* [THE DATA]
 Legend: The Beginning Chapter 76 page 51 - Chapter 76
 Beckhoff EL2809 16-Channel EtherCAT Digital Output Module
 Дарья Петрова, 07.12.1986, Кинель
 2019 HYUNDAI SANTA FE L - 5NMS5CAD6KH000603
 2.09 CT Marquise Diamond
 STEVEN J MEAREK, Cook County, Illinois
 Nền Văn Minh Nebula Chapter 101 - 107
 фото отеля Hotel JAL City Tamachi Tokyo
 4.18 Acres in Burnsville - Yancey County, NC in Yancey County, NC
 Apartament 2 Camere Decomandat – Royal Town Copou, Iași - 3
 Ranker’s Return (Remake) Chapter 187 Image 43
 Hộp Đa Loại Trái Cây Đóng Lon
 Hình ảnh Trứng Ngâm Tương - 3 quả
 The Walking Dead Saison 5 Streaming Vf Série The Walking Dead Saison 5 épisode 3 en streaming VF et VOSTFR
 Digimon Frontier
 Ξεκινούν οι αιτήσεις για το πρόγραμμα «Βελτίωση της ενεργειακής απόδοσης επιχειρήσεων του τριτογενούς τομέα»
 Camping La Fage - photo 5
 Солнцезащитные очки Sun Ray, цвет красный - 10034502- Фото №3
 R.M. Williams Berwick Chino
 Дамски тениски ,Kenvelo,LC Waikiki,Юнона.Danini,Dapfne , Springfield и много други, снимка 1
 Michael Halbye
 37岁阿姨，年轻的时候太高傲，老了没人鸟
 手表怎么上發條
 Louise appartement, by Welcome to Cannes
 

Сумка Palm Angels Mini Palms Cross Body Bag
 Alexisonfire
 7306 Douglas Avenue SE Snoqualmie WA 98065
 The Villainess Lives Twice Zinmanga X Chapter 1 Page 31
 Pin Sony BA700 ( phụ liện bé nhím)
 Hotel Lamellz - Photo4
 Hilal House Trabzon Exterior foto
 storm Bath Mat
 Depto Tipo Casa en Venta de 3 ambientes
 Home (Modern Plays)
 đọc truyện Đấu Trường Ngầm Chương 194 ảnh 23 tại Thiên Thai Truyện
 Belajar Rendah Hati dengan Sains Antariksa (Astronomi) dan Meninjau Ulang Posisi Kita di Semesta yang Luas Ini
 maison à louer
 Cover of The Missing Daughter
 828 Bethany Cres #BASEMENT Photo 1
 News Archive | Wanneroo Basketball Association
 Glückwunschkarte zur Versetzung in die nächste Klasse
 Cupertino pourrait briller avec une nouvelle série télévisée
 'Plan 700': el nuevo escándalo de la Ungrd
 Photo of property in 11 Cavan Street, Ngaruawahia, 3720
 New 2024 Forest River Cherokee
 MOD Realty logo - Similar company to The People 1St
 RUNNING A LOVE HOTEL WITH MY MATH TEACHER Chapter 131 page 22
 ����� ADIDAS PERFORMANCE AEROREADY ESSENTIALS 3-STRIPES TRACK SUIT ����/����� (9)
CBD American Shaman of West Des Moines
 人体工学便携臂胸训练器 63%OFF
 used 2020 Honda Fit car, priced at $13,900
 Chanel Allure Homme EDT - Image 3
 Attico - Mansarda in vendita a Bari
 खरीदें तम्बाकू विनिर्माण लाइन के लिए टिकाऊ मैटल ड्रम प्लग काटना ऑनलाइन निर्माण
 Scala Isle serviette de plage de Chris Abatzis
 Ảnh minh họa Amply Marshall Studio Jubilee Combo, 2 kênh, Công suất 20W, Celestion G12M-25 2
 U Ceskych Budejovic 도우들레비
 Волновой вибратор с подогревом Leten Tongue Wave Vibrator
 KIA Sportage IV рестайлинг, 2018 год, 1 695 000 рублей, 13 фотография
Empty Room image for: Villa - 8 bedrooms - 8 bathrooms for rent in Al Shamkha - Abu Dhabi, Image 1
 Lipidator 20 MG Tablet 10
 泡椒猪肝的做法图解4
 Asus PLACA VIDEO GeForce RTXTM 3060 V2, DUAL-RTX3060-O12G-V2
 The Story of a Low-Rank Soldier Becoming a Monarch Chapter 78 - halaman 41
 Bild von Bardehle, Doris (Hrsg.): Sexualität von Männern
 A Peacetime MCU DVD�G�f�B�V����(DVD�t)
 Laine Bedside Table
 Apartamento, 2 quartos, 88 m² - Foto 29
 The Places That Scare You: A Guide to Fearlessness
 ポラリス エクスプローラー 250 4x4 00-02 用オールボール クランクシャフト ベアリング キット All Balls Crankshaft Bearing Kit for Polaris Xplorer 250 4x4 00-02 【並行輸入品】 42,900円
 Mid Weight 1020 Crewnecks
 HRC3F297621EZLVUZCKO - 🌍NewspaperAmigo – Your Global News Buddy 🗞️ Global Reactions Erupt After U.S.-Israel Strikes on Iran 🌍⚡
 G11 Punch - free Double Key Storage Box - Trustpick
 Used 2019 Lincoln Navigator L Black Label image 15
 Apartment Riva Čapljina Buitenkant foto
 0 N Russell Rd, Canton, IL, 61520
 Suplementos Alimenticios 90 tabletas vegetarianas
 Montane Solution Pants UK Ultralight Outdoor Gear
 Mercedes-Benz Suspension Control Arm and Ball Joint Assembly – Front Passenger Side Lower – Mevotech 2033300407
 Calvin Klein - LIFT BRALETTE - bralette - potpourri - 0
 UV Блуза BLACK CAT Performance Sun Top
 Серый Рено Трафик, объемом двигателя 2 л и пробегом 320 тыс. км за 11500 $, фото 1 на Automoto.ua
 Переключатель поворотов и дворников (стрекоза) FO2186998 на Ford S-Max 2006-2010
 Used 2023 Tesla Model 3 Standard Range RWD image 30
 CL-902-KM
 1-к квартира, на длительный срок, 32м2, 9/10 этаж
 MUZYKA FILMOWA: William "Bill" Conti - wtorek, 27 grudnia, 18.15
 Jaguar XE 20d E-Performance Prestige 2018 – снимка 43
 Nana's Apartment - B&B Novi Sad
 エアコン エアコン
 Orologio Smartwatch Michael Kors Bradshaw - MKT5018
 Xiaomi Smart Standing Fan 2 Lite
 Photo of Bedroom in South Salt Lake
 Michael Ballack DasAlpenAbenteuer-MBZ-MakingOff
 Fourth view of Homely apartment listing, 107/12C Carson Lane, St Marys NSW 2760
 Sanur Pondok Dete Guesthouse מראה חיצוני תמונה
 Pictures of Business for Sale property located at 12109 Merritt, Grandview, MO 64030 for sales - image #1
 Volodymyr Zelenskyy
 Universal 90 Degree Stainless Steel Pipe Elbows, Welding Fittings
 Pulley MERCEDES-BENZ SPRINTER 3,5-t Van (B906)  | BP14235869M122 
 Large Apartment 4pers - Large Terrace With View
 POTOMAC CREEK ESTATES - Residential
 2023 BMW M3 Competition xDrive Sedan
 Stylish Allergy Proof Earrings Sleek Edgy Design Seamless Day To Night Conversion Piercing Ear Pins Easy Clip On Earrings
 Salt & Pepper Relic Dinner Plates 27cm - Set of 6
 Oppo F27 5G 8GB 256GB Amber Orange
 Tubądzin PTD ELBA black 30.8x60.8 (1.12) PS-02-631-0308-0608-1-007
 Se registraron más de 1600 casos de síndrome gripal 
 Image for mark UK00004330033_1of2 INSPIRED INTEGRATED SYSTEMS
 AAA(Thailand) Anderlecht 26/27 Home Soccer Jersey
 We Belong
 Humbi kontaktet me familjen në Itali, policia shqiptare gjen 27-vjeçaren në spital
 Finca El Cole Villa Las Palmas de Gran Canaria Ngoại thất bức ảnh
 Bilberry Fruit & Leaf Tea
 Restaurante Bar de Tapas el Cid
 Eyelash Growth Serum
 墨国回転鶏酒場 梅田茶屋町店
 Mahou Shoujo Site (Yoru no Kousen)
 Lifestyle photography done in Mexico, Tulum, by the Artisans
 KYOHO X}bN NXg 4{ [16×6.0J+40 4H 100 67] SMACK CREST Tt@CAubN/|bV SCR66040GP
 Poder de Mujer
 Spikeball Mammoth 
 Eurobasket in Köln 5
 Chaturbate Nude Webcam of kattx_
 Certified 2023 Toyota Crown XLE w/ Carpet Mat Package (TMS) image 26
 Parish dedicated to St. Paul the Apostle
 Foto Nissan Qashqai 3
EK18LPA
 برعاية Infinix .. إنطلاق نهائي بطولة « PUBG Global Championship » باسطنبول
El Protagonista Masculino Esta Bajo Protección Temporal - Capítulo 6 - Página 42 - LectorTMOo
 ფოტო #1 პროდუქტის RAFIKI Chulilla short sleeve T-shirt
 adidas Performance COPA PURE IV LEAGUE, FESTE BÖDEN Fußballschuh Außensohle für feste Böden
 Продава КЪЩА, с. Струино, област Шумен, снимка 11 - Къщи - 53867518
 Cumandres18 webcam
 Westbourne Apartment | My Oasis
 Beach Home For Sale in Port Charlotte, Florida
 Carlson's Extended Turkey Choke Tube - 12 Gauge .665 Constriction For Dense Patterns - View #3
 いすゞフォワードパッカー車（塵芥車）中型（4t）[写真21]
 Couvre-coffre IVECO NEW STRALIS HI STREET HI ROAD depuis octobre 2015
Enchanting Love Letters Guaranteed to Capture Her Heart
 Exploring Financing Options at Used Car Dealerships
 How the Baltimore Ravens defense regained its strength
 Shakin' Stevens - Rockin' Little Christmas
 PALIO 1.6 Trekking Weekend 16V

* [EXERCISE DIRECTIONS]
From the records above, print exactly the lines that run from the line with "SUIT ����/����� (9)" to the line with "Apartamento, 2 quartos, 88 m² - Foto 29", inclusive.

* [OUTPUT BELOW]
 ����� ADIDAS PERFORMANCE AEROREADY ESSENTIALS 3-STRIPES TRACK SUIT ����/����� (9)
CBD American Shaman of West Des Moines
 人体工学便携臂胸训练器 63%OFF
 used 2020 Honda Fit car, priced at $13,900
 Chanel Allure Homme EDT - Image 3
 Attico - Mansarda in vendita a Bari
 खरीदें तम्बाकू विनिर्माण लाइन के लिए टिकाऊ मैटल ड्रम प्लग काटना ऑनलाइन निर्माण
 Scala Isle serviette de plage de Chris Abatzis
 Ảnh minh họa Amply Marshall Studio Jubilee Combo, 2 kênh, Công suất 20W, Celestion G12M-25 2
 U Ceskych Budejovic 도우들레비
 Волновой вибратор с подогревом Leten Tongue Wave Vibrator
 KIA Sportage IV рестайлинг, 2018 год, 1 695 000 рублей, 13 фотография
Empty Room image for: Villa - 8 bedrooms - 8 bathrooms for rent in Al Shamkha - Abu Dhabi, Image 1
 Lipidator 20 MG Tablet 10
 泡椒猪肝的做法图解4
 Asus PLACA VIDEO GeForce RTXTM 3060 V2, DUAL-RTX3060-O12G-V2
 The Story of a Low-Rank Soldier Becoming a Monarch Chapter 78 - halaman 41
 Bild von Bardehle, Doris (Hrsg.): Sexualität von Männern
 A Peacetime MCU DVD�G�f�B�V����(DVD�t)
 Laine Bedside Table
 Apartamento, 2 quartos, 88 m² - Foto 29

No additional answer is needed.